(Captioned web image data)
----------------
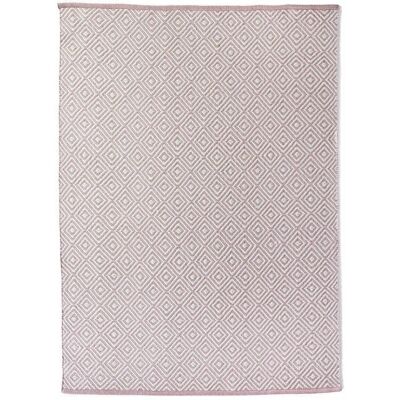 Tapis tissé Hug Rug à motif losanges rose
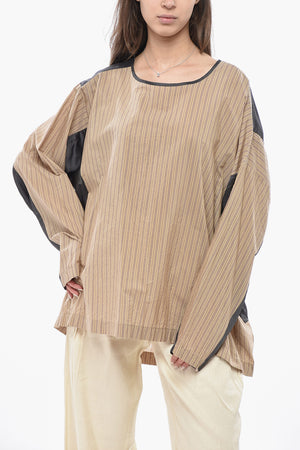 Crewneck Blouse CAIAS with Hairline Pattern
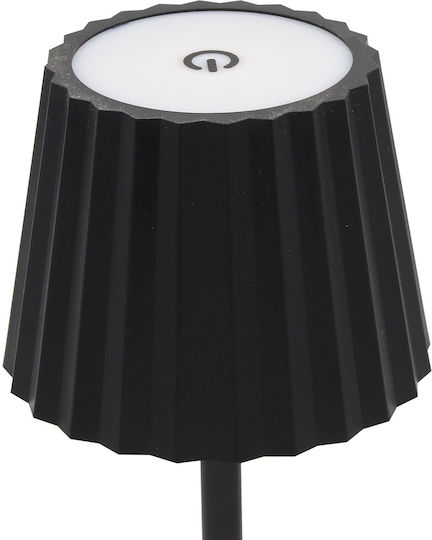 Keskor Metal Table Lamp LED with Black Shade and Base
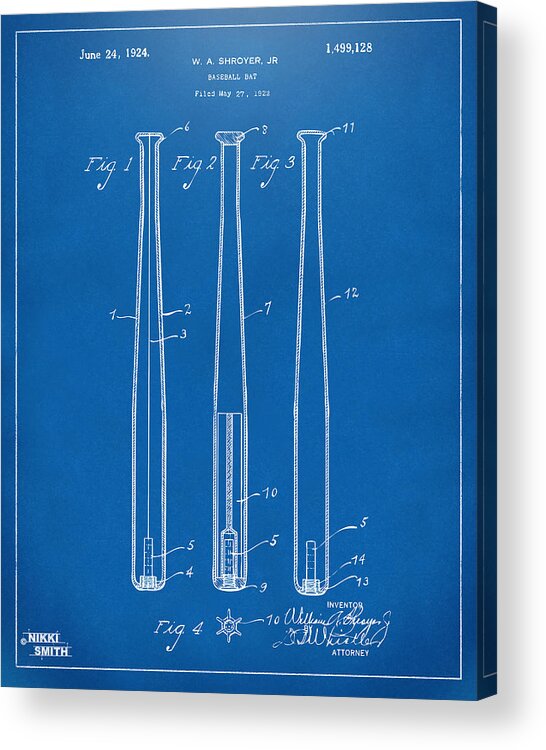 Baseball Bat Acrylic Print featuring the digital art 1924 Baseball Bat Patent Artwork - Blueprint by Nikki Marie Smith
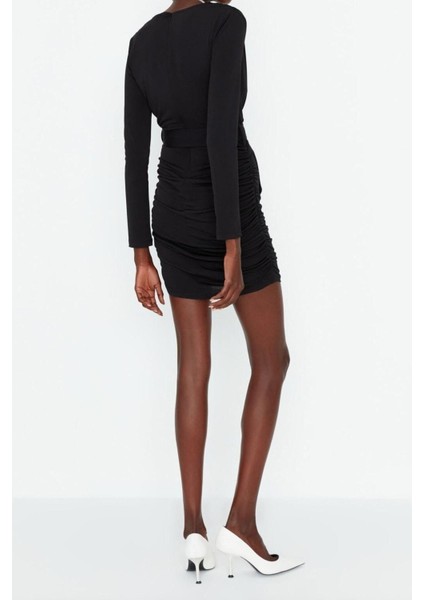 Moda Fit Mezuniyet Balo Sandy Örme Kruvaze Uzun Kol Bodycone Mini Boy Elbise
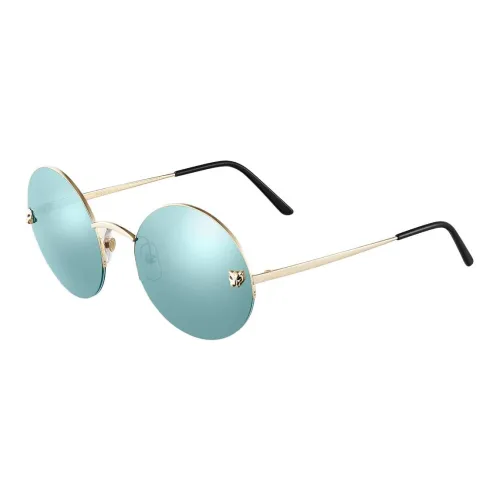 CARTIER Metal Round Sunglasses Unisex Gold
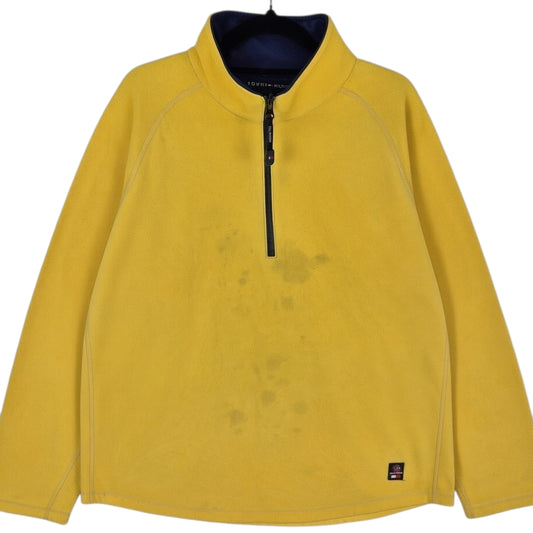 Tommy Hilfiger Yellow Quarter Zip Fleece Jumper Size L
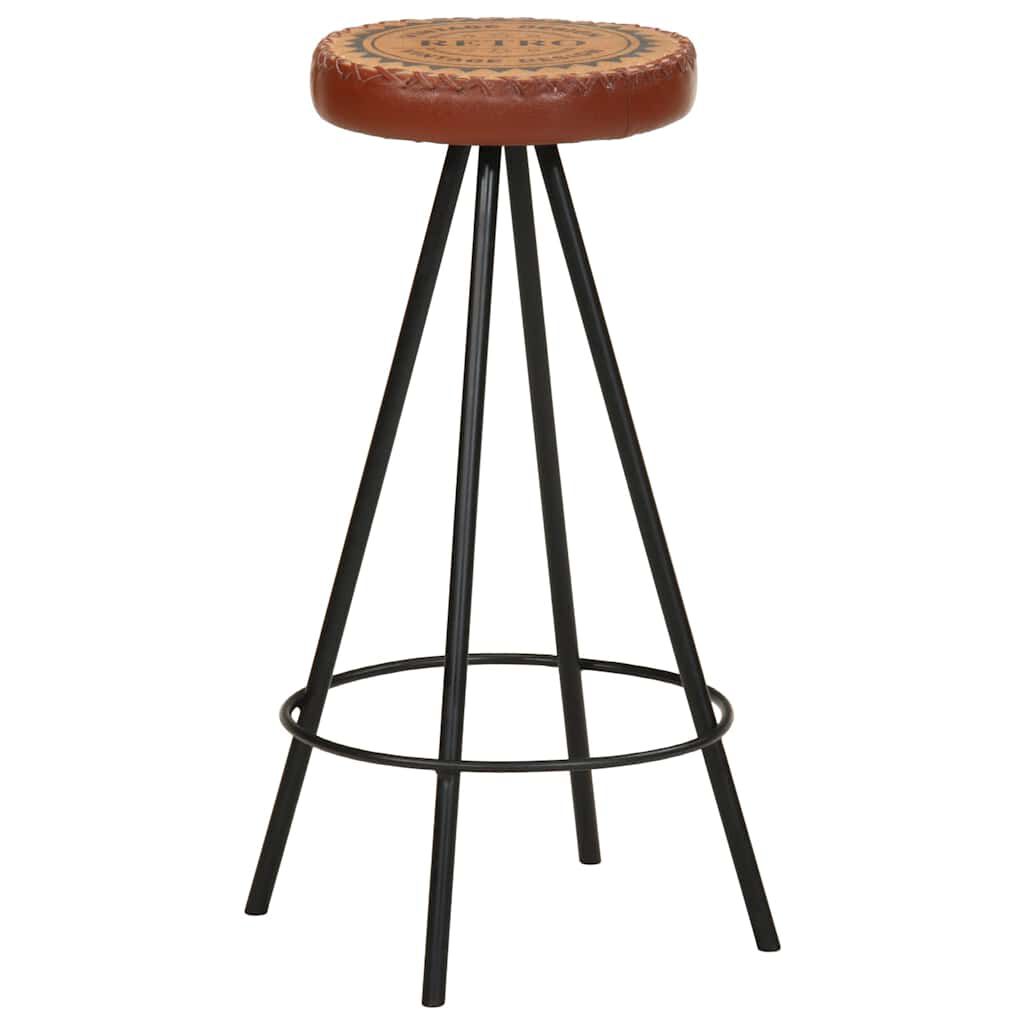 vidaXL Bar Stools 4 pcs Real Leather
----------------
> _PROBLEM STATEMENT_: Every line from the one containing "CARTIER Metal Round Sunglasses Unisex Gold" to the final line of the records should be duplicated exactly; no picture is to be copied.

> _WRITTEN ANSWER_:
 CARTIER Metal Round Sunglasses Unisex Gold
 Tommy Hilfiger Yellow Quarter Zip Fleece Jumper Size L
 vidaXL Bar Stools 4 pcs Real Leather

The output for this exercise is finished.